Впрочем, он совершенно точно отметил эту ненасытную жажду получать все больше, которой был отмечен каждый, добившийся успеха у нас, а скорее всего, и в любой другой уолл-стритовской фирме. Неуемная алчность проявлялась в нескольких формах, и некоторые из них в Salomon Brothers были более терпимы, чем в других фирмах. Самым отвратительным и ядовитым было желание получать больше и немедленно — так сказать, краткосрочная алчность. Страдающие краткосрочной алчностью не бывают верны и надежны. В 1986 году люди Salomon Brothers хотели получить свои деньги незамедлительно, потому что было полно признаков того, что фирму ждет крах. Но кто мог знать, что принесет 1987 год?

Вскоре после раздачи премий и в Лондоне и в Нью-Йорке продавцы и маклеры начали уходить ради более высоких доходов в другие фирмы. Другие компании все еще готовы были гарантировать высокие заработки тем, кто покидал Salomon Brothers. Работники со стажем, привыкшие к большим доходам, были горько разочарованы. Человек, скажем, рассчитывал на 800 тысяч долларов, а получал только 450 тысяч. Это был ужасный год для фирмы, хотя каждый в отдельности как-то чувствовал, что у него все неплохо.

Через год после начала работы я уже мог оглядеться, и мне хватило пальцев на руках и на ногах, чтобы сосчитать тех, кто пришел в фирму раньше меня. Из двадцати примерно служащих лондонского отделения, заставших еще эпоху ланчей с двумя бутылками вина, все, кроме троих, подались на более тучные пастбища. Каждого немедленно заместили полудюжиной геков, так что, хотя люди продолжали убегать косяками, фирма неуклонно расширялась.

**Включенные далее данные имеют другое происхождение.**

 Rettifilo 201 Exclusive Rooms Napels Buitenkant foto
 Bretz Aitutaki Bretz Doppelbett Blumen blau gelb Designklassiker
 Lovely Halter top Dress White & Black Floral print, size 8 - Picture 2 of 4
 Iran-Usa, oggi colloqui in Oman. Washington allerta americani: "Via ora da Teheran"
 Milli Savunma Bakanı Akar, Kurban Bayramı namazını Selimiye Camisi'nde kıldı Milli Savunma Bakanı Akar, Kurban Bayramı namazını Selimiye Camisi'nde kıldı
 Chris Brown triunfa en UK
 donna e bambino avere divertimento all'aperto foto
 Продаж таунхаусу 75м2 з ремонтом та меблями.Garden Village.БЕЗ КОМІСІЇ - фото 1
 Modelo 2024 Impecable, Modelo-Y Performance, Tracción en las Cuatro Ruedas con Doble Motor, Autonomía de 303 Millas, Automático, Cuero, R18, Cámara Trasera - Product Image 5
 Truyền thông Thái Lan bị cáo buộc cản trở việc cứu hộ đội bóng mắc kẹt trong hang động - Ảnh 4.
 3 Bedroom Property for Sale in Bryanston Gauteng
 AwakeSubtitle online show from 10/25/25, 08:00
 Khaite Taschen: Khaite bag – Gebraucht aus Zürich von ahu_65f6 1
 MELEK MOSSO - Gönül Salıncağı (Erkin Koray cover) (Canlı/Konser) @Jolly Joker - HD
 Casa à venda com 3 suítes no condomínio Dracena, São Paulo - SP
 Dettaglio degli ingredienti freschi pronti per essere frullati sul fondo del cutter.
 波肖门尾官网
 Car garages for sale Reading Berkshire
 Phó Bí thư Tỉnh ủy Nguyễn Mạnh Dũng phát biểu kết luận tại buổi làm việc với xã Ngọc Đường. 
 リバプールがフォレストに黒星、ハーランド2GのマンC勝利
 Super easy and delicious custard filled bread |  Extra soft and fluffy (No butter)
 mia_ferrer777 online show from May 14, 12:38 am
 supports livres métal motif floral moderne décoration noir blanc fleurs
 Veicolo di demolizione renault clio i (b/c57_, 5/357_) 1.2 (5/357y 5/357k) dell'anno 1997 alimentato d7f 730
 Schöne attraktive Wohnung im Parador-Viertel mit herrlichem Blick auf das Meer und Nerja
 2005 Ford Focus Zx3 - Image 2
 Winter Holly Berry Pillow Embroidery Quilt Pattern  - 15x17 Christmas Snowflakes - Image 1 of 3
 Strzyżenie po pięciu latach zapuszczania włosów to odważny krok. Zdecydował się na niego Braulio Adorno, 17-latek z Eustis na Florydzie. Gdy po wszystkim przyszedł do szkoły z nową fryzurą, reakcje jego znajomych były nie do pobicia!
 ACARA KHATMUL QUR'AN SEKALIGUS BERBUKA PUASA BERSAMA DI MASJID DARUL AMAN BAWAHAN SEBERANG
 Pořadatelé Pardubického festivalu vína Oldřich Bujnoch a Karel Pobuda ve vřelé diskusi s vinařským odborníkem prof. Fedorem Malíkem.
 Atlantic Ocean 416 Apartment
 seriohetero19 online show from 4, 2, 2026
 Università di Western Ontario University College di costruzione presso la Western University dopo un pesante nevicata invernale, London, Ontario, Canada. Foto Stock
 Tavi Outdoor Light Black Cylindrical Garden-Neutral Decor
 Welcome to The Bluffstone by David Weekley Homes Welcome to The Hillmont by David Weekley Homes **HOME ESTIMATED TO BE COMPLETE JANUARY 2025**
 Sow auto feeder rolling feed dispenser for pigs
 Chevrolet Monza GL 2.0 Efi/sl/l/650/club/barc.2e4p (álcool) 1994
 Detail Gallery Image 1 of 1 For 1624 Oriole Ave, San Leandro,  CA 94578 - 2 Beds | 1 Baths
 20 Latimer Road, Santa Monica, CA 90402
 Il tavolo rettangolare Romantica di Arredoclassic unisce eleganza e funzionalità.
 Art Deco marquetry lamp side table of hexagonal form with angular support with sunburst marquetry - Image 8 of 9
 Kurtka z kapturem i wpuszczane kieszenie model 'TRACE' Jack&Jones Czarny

В волонтерах недостатка не было. К концу 1986 года в британских университетах распространилось американское поветрие. Укрепилось таинственное убеждение, что стоящую работу можно найти только в инвестиционных банках. В конце года меня пригласили выступить в студенческом клубе консерваторов Лондонской школы экономики. Если на земле и было место, способное противостоять как идеям политического консерватизма, так и напору Salomon Brothers, так это была Лондонская школа экономики, традиционный оплот левых.

Темой моего выступления был рынок облигаций. Я рассчитывал, что сама тема распугает аудиторию. Ведь разговор о рынке облигаций — это по определению длинно и скучно. Но в зал набилось более сотни студентов, а когда какой-то потрепанного вида юнец, потягивавший пиво в заднем ряду, завопил, что я паразит, его мгновенно вытолкали. После выступления меня осадили — не для того, чтобы оскорбить, и не с расспросами о рынке облигаций, а с единственным вопросом — как устроиться на работу в Salomon Brothers. Юный британский радикал признался, что выучил имена всех игроков нью-йоркских «Гигантов», потому что слышал от кого-то, что начальник отдела кадров был фанатом этой команды (чистая правда). Другой хотел знать, правда ли, как он прочитал в журнале «Economist», что люди в Salomon Brothers не плетут тайных интриг, а нападают на соперников в открытую. Как убедительнее показать, что он достаточно агрессивен? Стоит ли при этом выкладываться, или достаточно просто заявить о себе?